The year I turned 7, I decided I did not want a doll for Christmas. I was adamant... no doll would be found under the Christmas tree on Christmas morning. I had a list of other things I wanted, however no doll was added to the list.
Mama had no way of knowing this was a test for Santa Claus. I heard rumors there was no Santa Claus from some of the older kids at school. I was going to prove their theory wrong. I wanted a doll but I was not going to tell anyone this fact. Santa Claus would 'know' that I wanted a doll. He could pick it out this year...as long as it was a baby doll.
Thank goodness Mama ignored my wishes and bought me a small rubber baby doll. She came with a blanket and a bottle. In my mind she looks like the little doll in the first photo. She was perfect.
Instead of putting the doll under the tree, Mama placed her in the tree and toward the back. When I woke up Christmas morning, I did not see what I expected. There were the toys I had asked for but no doll. I just stood there looking disappointed. The kids were right there was no Santa Claus. Mama was watching me closely and before I started to cry she led me over to the other side of the tree. She seemed as surprised as I was, because there was my baby doll in the branches of the tree. I think that was my favorite doll I received as a little girl. I named her 'Susie'.

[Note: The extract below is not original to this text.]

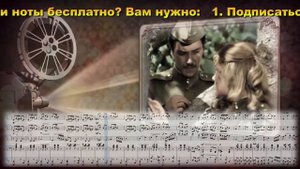 Смуглянка smuglyanka для скрипок и фортепиано ноты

It would be another year or two before I gave up believing in Santa Claus. He still came until I was about 11 or 12 because my cousins Anthony and Darla believed in Santa Claus. That was fine with me. People have their whole adult lives to not believe in the magic of Santa. Children should be able to enjoy it while they can.
If I should happen to be in WalMart in the near future, and I will, I think I know a little rubber doll that just might find its way home with me. I will give the little doll to Jacy, my granddaughter and tell her this story. She has pretty much outgrown dolls but I think she will like hearing the story. Good memories should be shared.